By Originating Process filed on 3 October 2024, Auswide Bank Ltd ("Auswide") applies under s 411 of the Corporations Act 2001 (Cth) ("Act") for orders relating to a proposed scheme of arrangement and associated orders.
By way of background, Auswide is a public company limited by shares, is listed on the Australian Securities Exchange ("ASX") and provides deposit, credit and banking services to personal and business customers across Australia, but principally located in Queensland, New South Wales and Victoria. It has branches in Queensland, and relies on business development managers in Sydney and Melbourne to undertake interstate business. It predominantly engages in home lending and deposit taking services.
The proposed scheme provides for MyState Bank Limited ("MyState Bank") to acquire all of the ordinary fully paid shares in Auswide. MyState Bank is a subsidiary of MyState Limited ("MyState").

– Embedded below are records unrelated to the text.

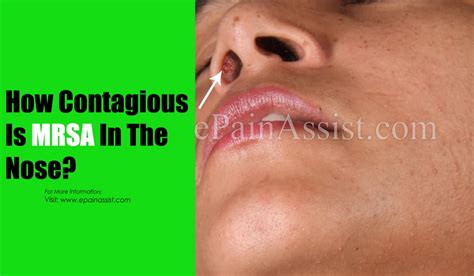 How Contagious Is Mrsa In The Nose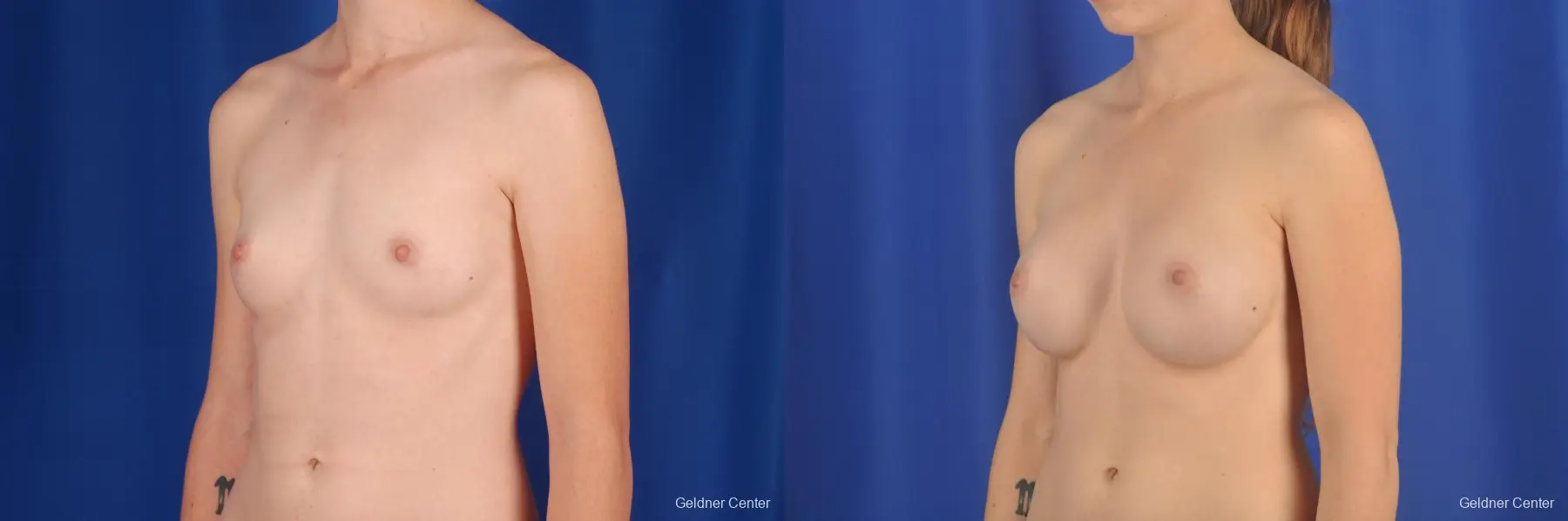 Chicago Breast Augmentation 2304 - Before and After 4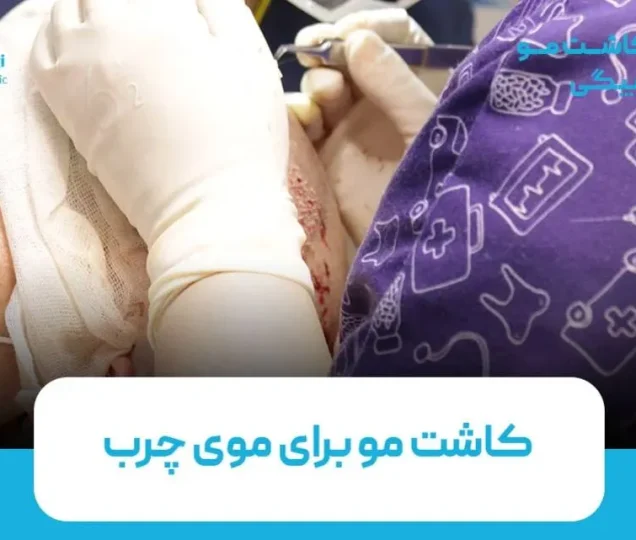 کاشت مو برای موی چرب امکان پذیر است؟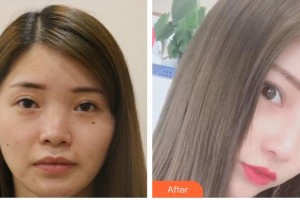 瀘州醫(yī)學院附屬醫(yī)院整形燒傷科何小川整形價格表附鼻部綜合例展示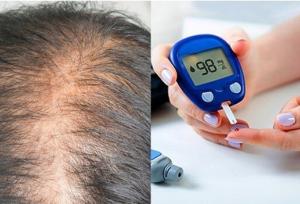 ارتباط دیابت با ریزش مو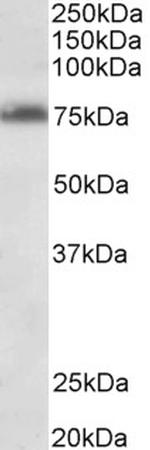 TSPYL2 Antibody in Western Blot (WB)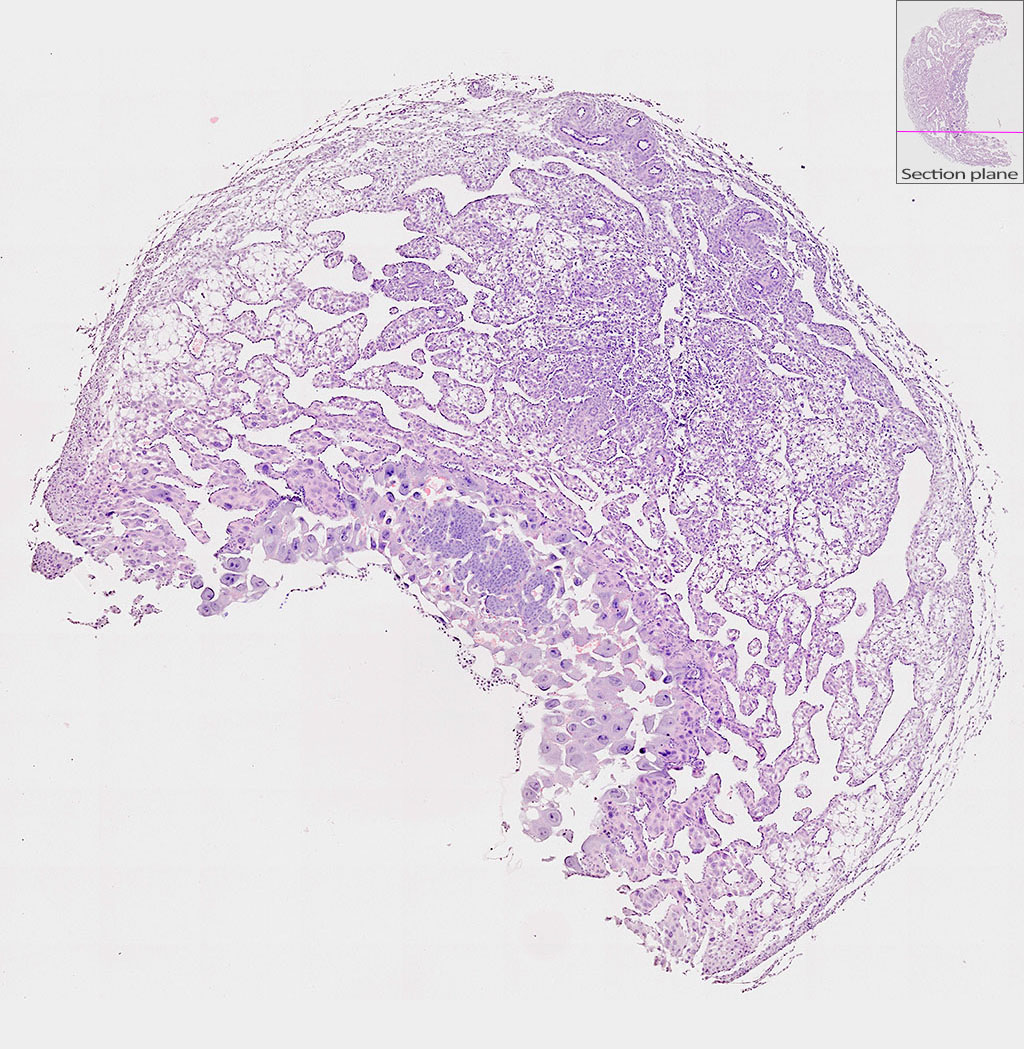 e9.5 mouse placenta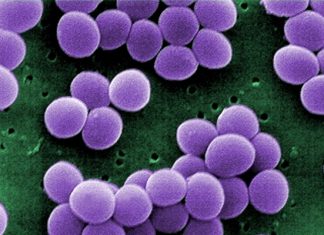 استافیلوکوکوس اورئوس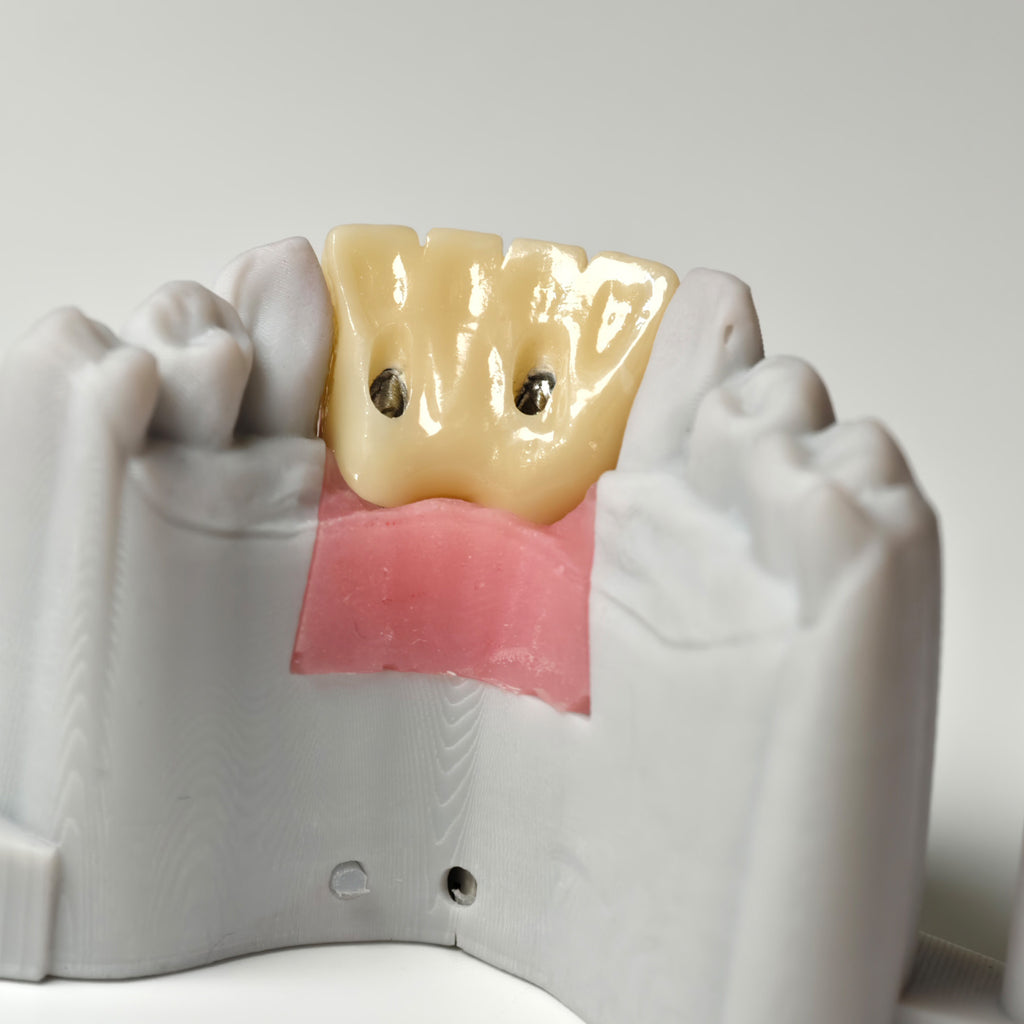 Zirconia Crown With Gold-Plated Abutment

Mystate is a public company listed on ASX and is the non-operating holding company of the MyState group, a diversified financial services group. MyState Bank offers products including home loans, deposit accounts and business banking products and other entities in the MyState group provide financial products, including funds management and trustee services.
On 19 August 2024, Auswide announced to the ASX that it had entered into a scheme implementation agreement ("SIA") with MyState and MyState Bank. The proposed scheme provides that MyState Bank will acquire all of the shares in Auswide and, as consideration, the transferring shareholders will each receive 1.112 ordinary shares in MyState. MyState and MyState Bank have executed a deed poll under which they have covenanted that they will be bound by the terms of the scheme as if they were a participant and undertake to perform all obligations and other actions attributed to them, including those relating to the issue of the scheme consideration. Clause 3 of the scheme sets out several conditions precedent to the implementation of the scheme, including that, before 8.00am on the second Court hearing date, the Treasurer (or the Australian Prudential Regulation Authority (APRA) if the relevant power is delegated) has notified MyState, MyState Bank and Auswide in writing that each of MyState and MyState Bank has been approved to hold a 100% stake in Auswide under s 14 of the Financial Sector (Shareholdings) Act 1998 (Cth) ("FSS Act") and, if that approval is subject to conditions, those conditions are acceptable to MyState, MyState Bank and Auswide. The evidence indicates that there is some uncertainty as to whether this condition will be satisfied within the current timetable for the second Court hearing, and I return to that matter below.
I made the orders sought by Auswide at the conclusion of the hearing on 22 October 2024. These are my reasons for doing so. I have drawn on the helpful submissions of Mr Ahmed who appeared for Auswide in this judgment.
[3]
Affidavit evidence
Auswide reads an affidavit dated 3 October 2024 of its solicitor, Mr Alexander Morris, filed when the application was commenced.
Auswide also reads an affidavit dated 21 October 2024 of Mr William Schafer, who is the Chief Financial Officer and Company Secretary of Auswide. He outlines the nature of Auswide's business and the proposed scheme, exclusivity and break fee arrangements, the treatment of performance rights that have been issued by Auswide, the arrangements in relation to the proposed scheme meeting (including in relation to the proposed chair of the meeting and distribution of material to shareholders), Auswide's verification of the draft scheme booklet, and proposed communications with Auswide shareholders.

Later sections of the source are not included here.